WORK ORDER => Only lines, not pictures: please repeat exactly the lines from the one with "image-20210715095520870" through the end of the listing.
==== INFORMATION SUPPLIED
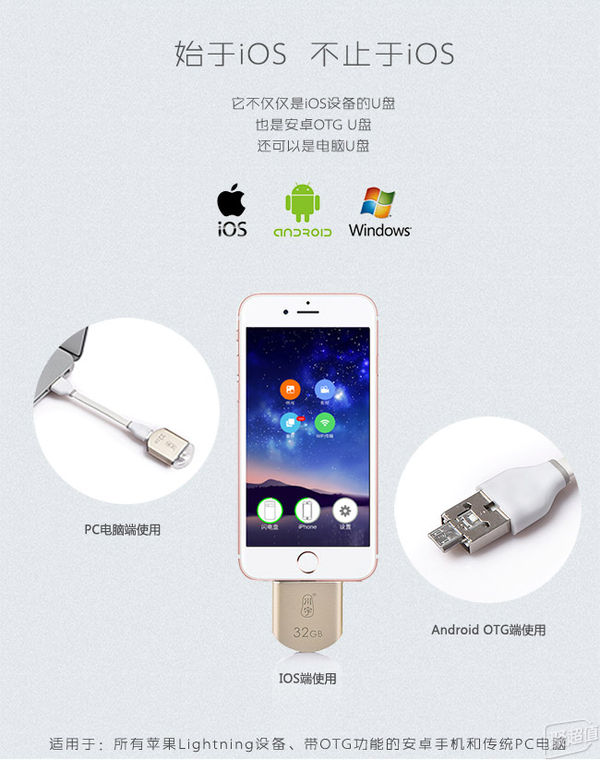 苹果手机买什么u盘,怎么购买合适苹果手机的u盘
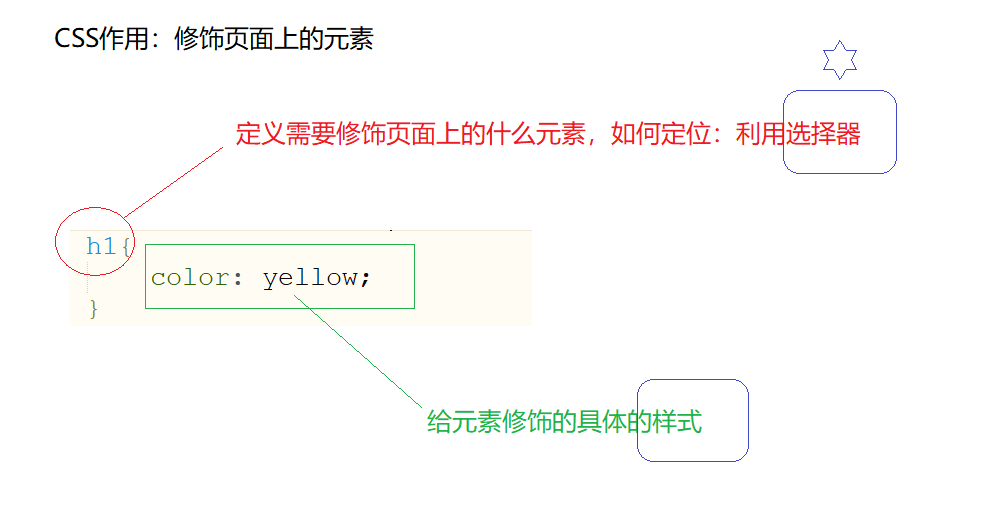 image-20210715095520870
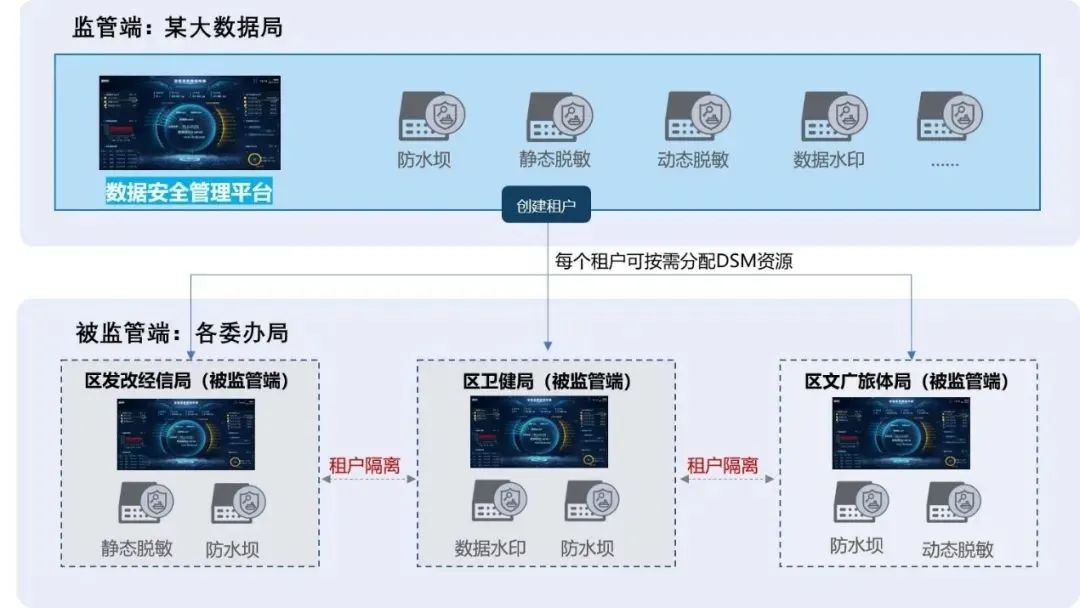 盛世集团·(中国大陆)官方网站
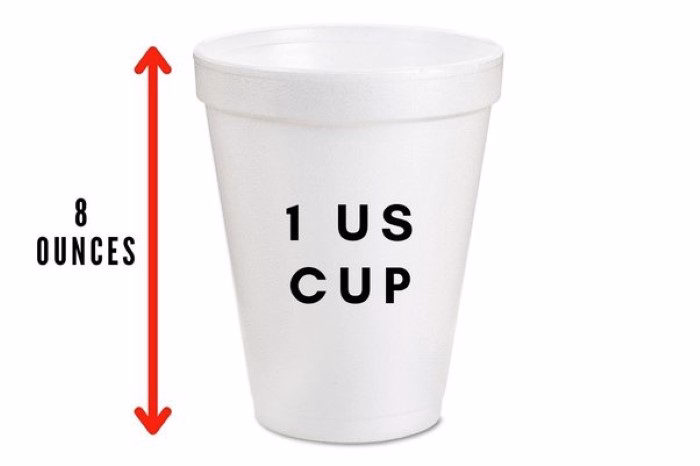 How to Convert 32 Ounces to Cups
========
WRITTEN REPLY =>
 image-20210715095520870
 盛世集团·(中国大陆)官方网站
 How to Convert 32 Ounces to Cups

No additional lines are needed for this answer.